Bukan karena tak tega. Yaa walau memang ada rasa itu. Tapi bukan rasa itu yang paling dominan. Yang paling dominan justru rasa takut. Ia takut sekali entah kenapa. Saat mamanya menggetuk pintu kamarnya, ia terkaget. Tapi ia tak bereaksi. Ia justru ingin menangis sekarang. Menangis tanpa sebab. Rasa takut menjalar begitu ke dalam tubuhnya.
Jihan menarik nafas dalam. "Keeraaa?"
Ia menggetuk-getuk pintu kamarnya. Ia tahu kalau anaknya tak menyelesaikan shift-nya di rumah sakit hari ini. Malah kabur entah ke mana. Ia baru tahu saat datang menjemput ke sana. Ia tak paham apa mau anaknya. Ia ingin memperjuangkan masa depannya. Masa depannya jelas masih sangat panjang bukan?
"Kamu dari mana saja, Keera? Keera?"
Ia memanggil-manggil. Namun tentu tak ada jawaban. Gadis itu sudah berlari masuk ke dalam kamar mandi dan menangis. Jihan menghela nafas. Suara mobil suaminya membuatnya membalik badan. Akhirnya memilih untuk turun. Ia berusaha tersenyum tapi tak bisa. Akhirnya malah memangis saat Tio sampai di pintu rumah. Tio memeluknya. Tanpa perlu tahu apa masalahnya karena masalah di rumah ini memang hanya satu, yaitu urusan anak perempuan satu-satunya.
"Kangan terlalu dipikirin. Jangan terlalu dijadikan beban. Kita cuma bisa berdoa."
Ya suaminya memang benar. Tak perlu berpikir hal-hal yang seperti ini. Jangan dibuat pusing.
"Biasanya aku yang ngomong gitu."
Tio terkekeh. Ya ia mencoba lebih santai untuk menghadapi Keera. Mereka pasti emosi kan? Namanya juga orangtua. Pasti khawatir akan masa depan anaknya. Semua orangtua pasti begitu. Wajar rasanya. Ya kan?

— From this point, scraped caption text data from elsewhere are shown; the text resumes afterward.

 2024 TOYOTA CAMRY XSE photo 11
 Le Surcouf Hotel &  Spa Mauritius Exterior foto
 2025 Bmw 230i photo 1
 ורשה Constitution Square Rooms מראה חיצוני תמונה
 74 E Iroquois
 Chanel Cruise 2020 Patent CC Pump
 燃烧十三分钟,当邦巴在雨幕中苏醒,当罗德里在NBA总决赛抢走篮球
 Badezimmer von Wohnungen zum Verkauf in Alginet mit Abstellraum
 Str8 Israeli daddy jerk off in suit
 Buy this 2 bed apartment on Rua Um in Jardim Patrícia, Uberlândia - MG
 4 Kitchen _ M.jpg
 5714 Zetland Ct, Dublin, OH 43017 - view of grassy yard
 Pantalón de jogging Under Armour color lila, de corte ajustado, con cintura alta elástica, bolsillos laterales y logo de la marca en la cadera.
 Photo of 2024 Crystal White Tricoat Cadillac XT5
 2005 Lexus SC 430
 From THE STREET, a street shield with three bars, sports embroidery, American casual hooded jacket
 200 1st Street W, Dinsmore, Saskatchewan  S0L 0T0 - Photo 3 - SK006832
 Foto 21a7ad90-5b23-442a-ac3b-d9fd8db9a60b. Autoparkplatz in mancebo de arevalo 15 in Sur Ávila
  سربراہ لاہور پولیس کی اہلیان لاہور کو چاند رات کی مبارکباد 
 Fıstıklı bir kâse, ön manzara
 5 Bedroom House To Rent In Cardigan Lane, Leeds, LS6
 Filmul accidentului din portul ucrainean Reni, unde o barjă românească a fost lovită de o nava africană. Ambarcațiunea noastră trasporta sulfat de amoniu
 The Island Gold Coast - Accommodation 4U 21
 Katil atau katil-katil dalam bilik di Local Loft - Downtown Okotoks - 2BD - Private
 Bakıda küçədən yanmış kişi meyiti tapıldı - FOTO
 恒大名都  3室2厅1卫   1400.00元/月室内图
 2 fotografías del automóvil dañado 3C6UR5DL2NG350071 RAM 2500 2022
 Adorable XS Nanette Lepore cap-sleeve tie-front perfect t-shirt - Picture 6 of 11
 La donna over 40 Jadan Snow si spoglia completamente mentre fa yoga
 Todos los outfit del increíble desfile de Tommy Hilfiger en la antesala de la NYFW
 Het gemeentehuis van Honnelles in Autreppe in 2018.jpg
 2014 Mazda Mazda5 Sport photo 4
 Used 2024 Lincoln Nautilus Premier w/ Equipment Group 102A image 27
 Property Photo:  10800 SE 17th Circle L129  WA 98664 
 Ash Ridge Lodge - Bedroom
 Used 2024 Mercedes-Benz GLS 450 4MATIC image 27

"Aku tadi ngobrol lama sama bang Feri."
"Terus?"
"Yaa mungkin beda perlakuannya sama Tiara dulu. Karena Tiara cuma bawel. Tapi ya kuncinya tetap sama. Kita harus sabar. Sama mungkin coba obrolin lagi sama psikolog. Siapa tahu kita dapat sudut pandang yang berbeda."